Faltou quanto a mim a pergunta que se impunha : Passamos de anéis para dedos ? A ideia de o Estado náo possuir terrenos e explorações agricolas nao me escandaliza dai que a alienação da companhia das lezirias não seja de todo impraticável, mas o esquecimento da REN, levantaria questões de posicionamento estrategico muito fortes. Ao seu melhor na defesa da teoria da escolha pública. Um governo deve imuscuir-se da presença massiva na economia, apostou forte na presença do Estado na economia, mas como regulador e não como agente económico. Falta agora passar das palavras aos actos

Investimento

Ao afirmar que que “ao contrário dos velhos do Restelo, dos vencidos da vida e da nossa oposição, os bons empresários e bons investidores nacionais apostam em Portugal” , ficaram no ar os recados para alguns “Continentes” deste país. A API conseguiu em apenas 15 meses cerca de 1250 milhões de euros, e até 2010, 40 % do diferencial da produtividade entre Portugal e a União Europeia virá destes novos investimentos.


Caso Bombardier

Corrigindo as suas declarações da tarde, onde afirmou já saber do desfecho há 1 ano. A Empresa decide fechar porque não é rentável. O Estado não pode apoiar uma empresa privada só porque é o principal cliente da mesma. Contraria todas as regras de mercado.
Afirmou que mais investimentos na area ferroviária vem a caminho, o que mais uma vez contraria a versão da empresa,de que se assistiria uma estagnação do sector em Portugal.
Para já afirma tentar a via diplomática, o que revela uma vontade inerente em resolver o problema.

Congresso e Presidenciais

Durão estava lá como primeiro ministro e não como líder partidário, pelo que deveria ter marcado a diferença, mesmo respondendo as questões. Quanto ao congresso fica a ideia que foi antecipado para que Durão possa sair do mesmo vitorioso e com isso ganhar popularidade a porta das eleições. Na questão presidenciais revelou um distanciamento de Cavaco Silva, que este certamente agradecerá. Não apoiou ninguém mas sabe que Cavaco tem capital para avançar sozinho deixando o PSD na iminência de o apoiar ou concorrer contra ele. Fica mesmo que diga o contrário refém da decisão de Cavaco. Da gestão deste caso pode depender a sua continuidade a frente do PPD/PSD.
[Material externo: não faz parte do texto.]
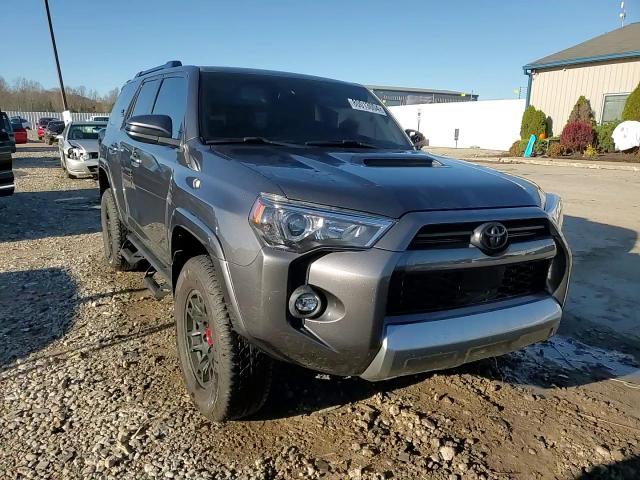 2022 Toyota 4Runner Sr5 Premium VIN: JTERU5JR0N6061418 Lot: 80013004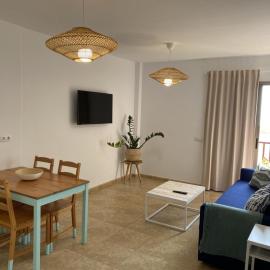 Vivienda vacacional sur de europa b 3 4, hotel in La Restinga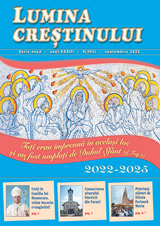 Lumina creștinului - septembrie 2022
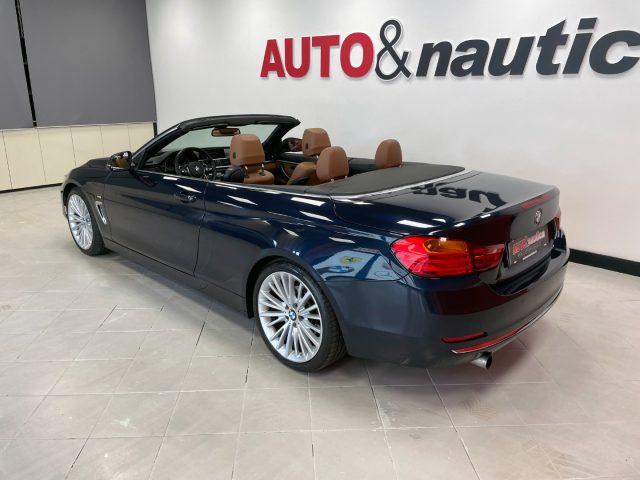 BMW 420 420D CABRIO LUXURY 184CV AUTO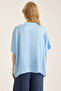 High Collar Wide Cut Shirt - 5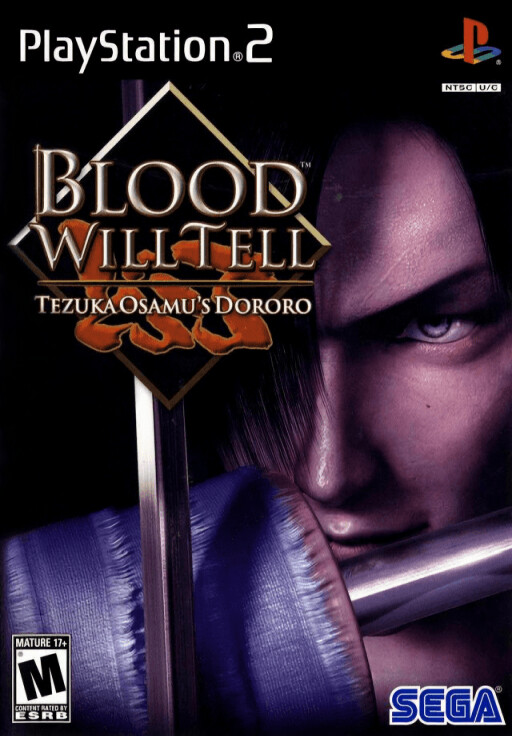 Blood Will Tell cover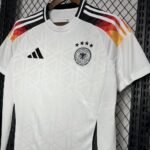 Mens Germany 2024/25 Home Jersey 3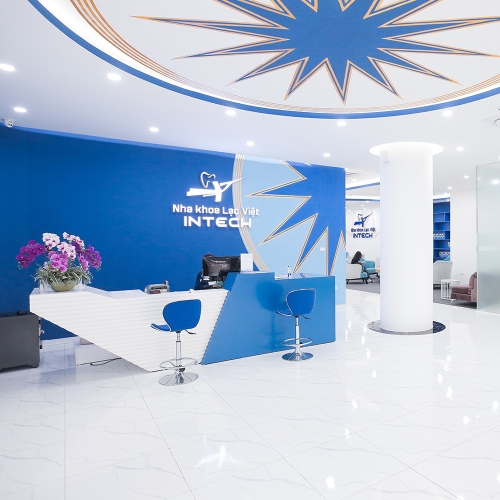 Nha khoa Lạc Việt Intech - Trung tâm trồng răng implant và chỉnh nha chuyên sâu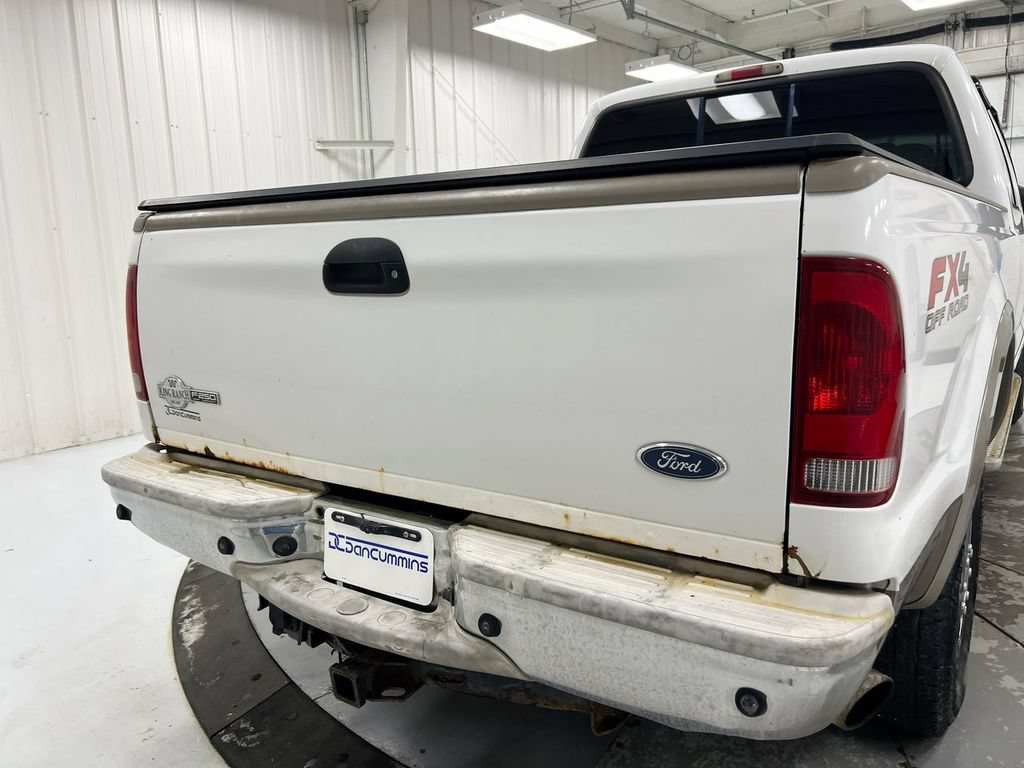Used 2006 Ford F250 XL AWD/4WD image 23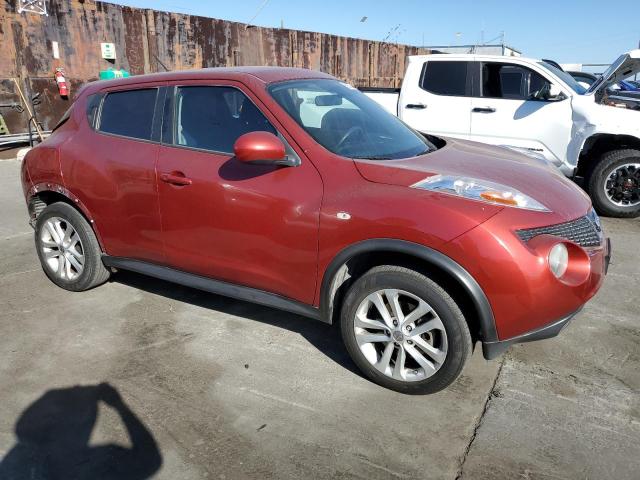 Photo 4 from auction – 2013 NISSAN JUKE S with VIN JN8AF5MR2DT221097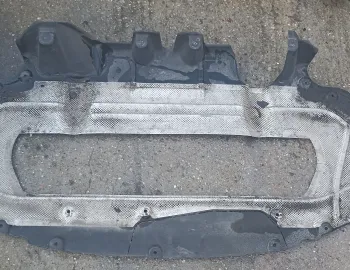 Scut difuzor bara spate BMW Seria 7 G11 G12, 7347035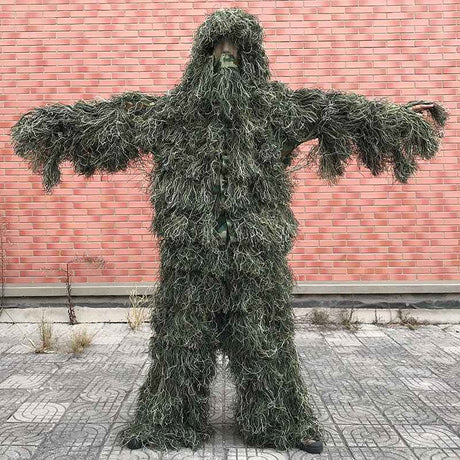 Ghillie Suit for Men in Camouflage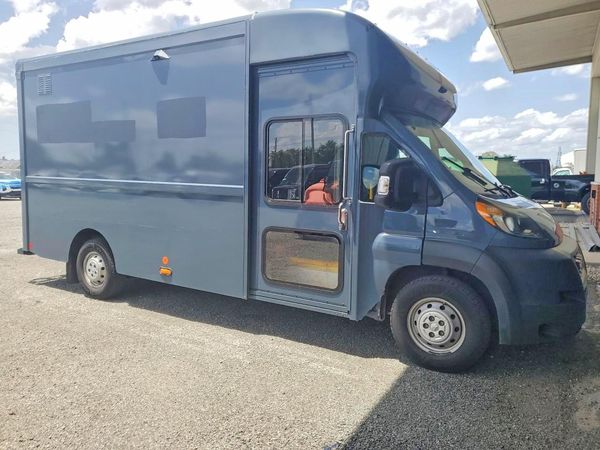 2022 RAM PROMASTER 3500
De um modo geral, reforçou a ideia que o governo trabalha diariamente em prol do país, teve algumas aproximações a algumas políticas sociais, e assumiu-se entre um democrata moderado e um republicano moderado. Durão Barroso no seu melhor.

Fica no ar a ideia que este Governo poderá levar um abanão caso as eleições europeias não lhe corram de feição. Um resultado positivo irá traduzir-se num acumular de capital, um resultado negativo terá implicitamente uma maior pressão do eleitorado sobre o Governo. E este Governo já mostrou que sobre pressão não funciona bem, mete os pés pelas mãos, diz-se e contradiz-se. Esperemos então por Junho.